● Work request: Look through the data below for the line with "Recombinant SARS-CoV-2 Spike" and the line with "Share on GIPHY", then output those two and all lines in between, exactly as written.

● Supplied material:
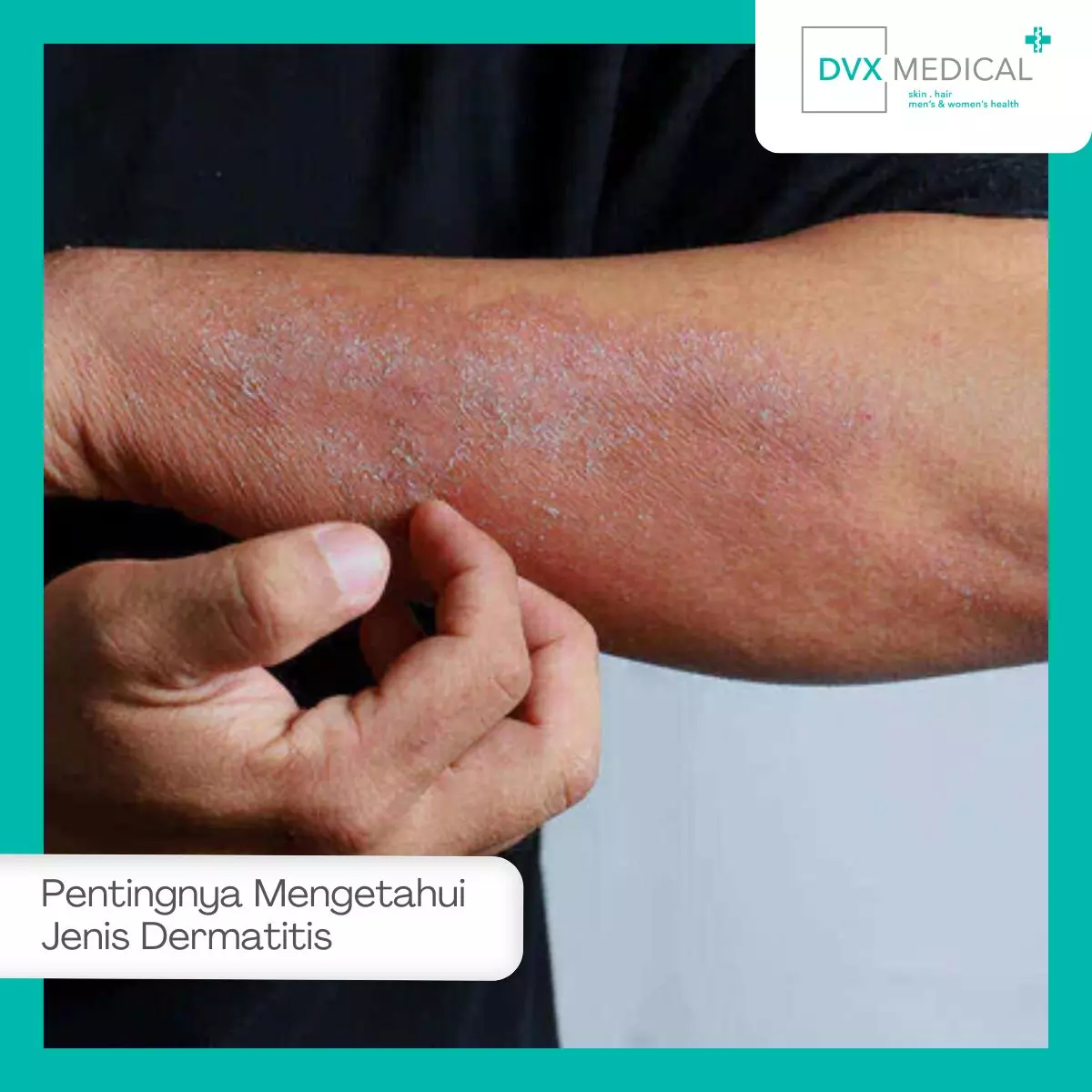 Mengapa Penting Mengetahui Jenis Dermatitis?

---

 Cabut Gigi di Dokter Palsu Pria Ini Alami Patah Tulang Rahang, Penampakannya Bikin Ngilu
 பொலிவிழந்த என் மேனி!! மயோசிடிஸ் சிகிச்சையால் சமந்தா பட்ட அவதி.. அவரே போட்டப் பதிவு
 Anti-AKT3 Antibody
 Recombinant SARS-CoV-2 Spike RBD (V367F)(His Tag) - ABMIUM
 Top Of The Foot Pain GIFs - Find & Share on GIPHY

==

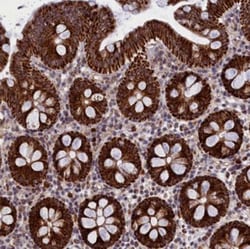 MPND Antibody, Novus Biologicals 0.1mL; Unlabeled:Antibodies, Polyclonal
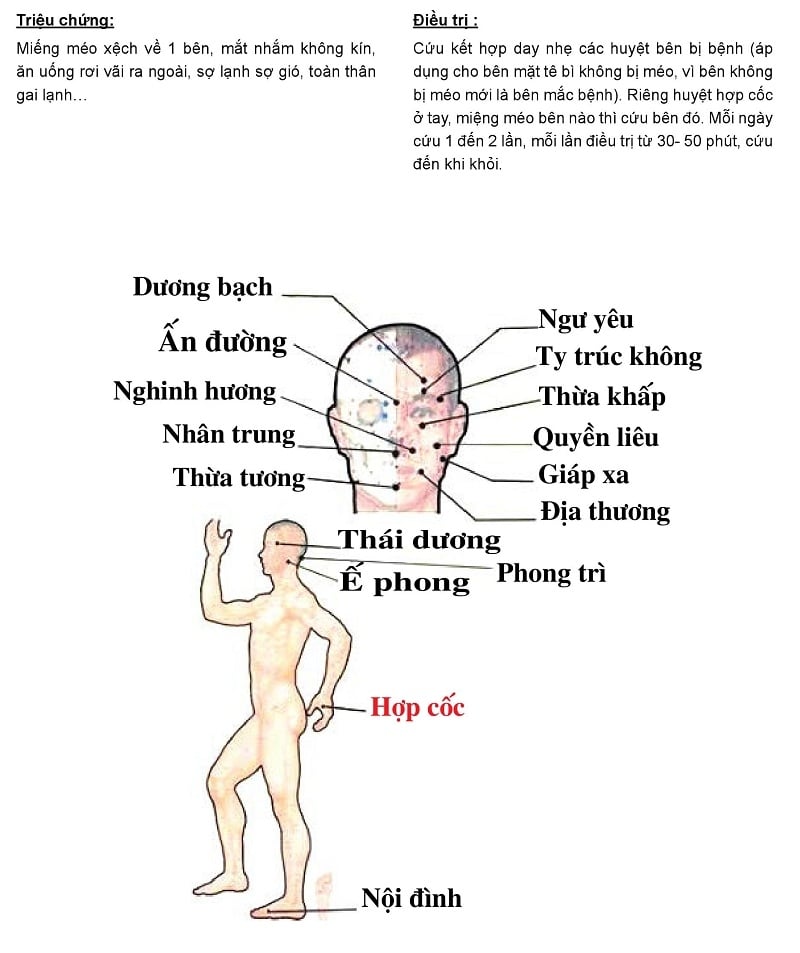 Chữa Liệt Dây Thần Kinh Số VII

● Answer to this exercise:
 Recombinant SARS-CoV-2 Spike RBD (V367F)(His Tag) - ABMIUM
 Top Of The Foot Pain GIFs - Find & Share on GIPHY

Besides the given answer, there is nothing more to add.